▶ _Assignment_:
Could you output each line below exactly as it appears, excluding any pictures?

▶ _Supplied data_:
****************************************
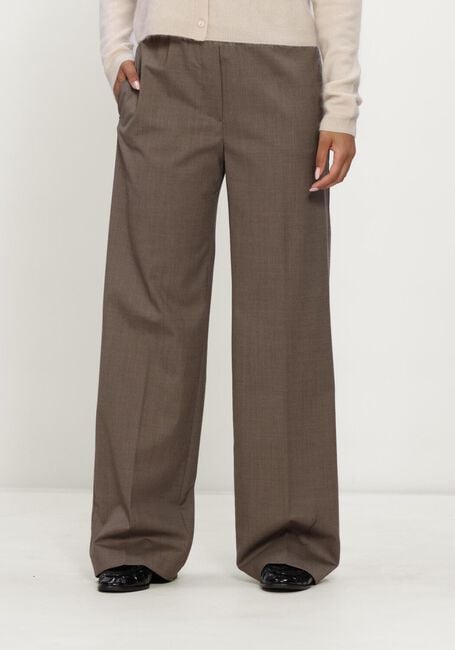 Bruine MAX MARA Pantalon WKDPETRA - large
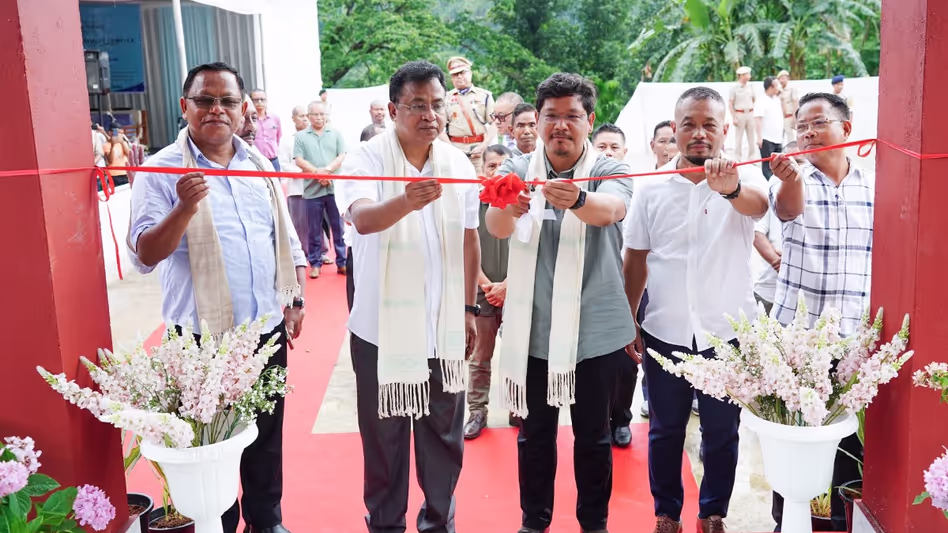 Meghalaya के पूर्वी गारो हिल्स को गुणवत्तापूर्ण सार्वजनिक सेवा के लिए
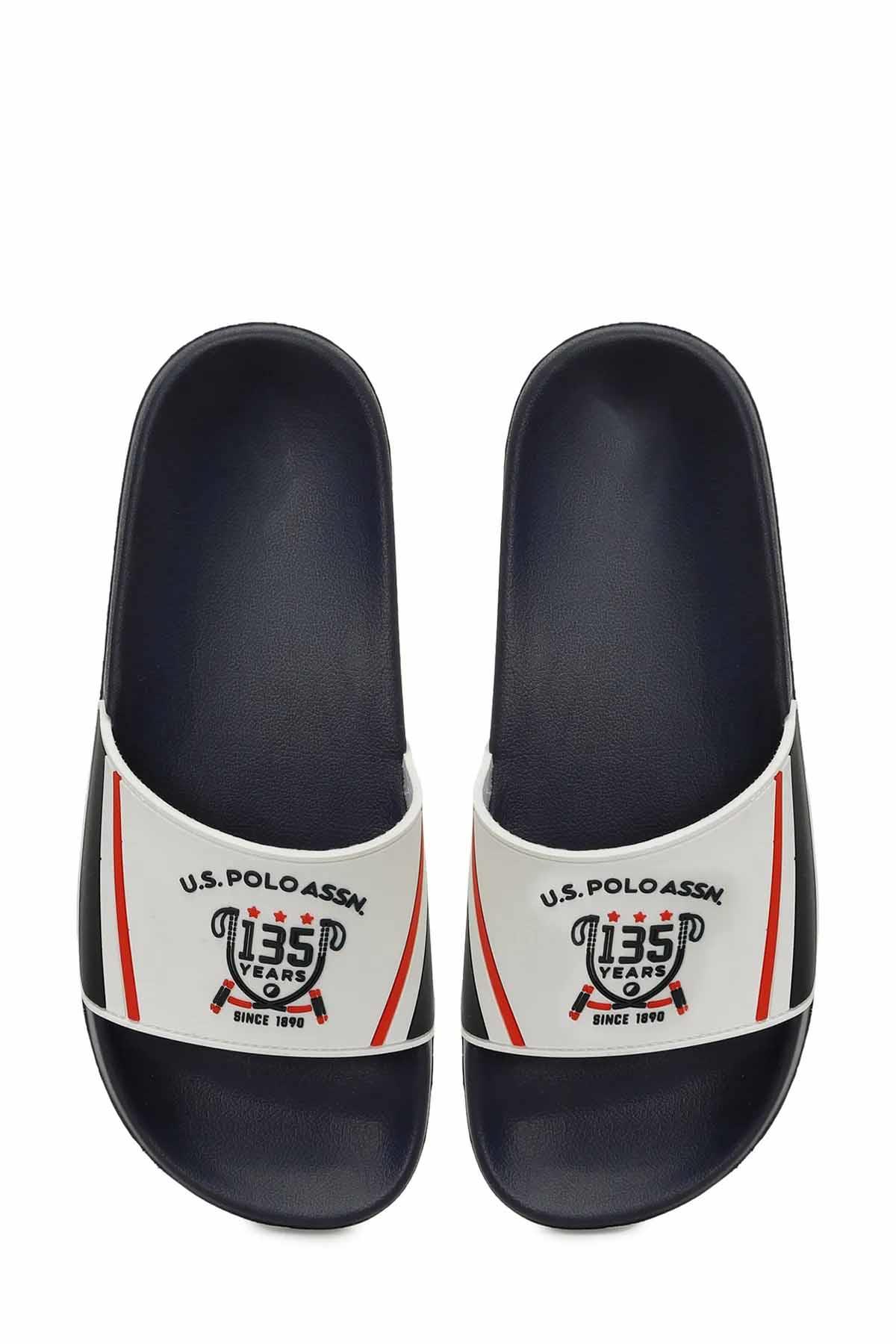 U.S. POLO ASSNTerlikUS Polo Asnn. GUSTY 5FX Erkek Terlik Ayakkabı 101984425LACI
****************************************
▶ _Response to the task_:
 Bruine MAX MARA Pantalon WKDPETRA - large
 Meghalaya के पूर्वी गारो हिल्स को गुणवत्तापूर्ण सार्वजनिक सेवा के लिए
 U.S. POLO ASSNTerlikUS Polo Asnn. GUSTY 5FX Erkek Terlik Ayakkabı 101984425LACI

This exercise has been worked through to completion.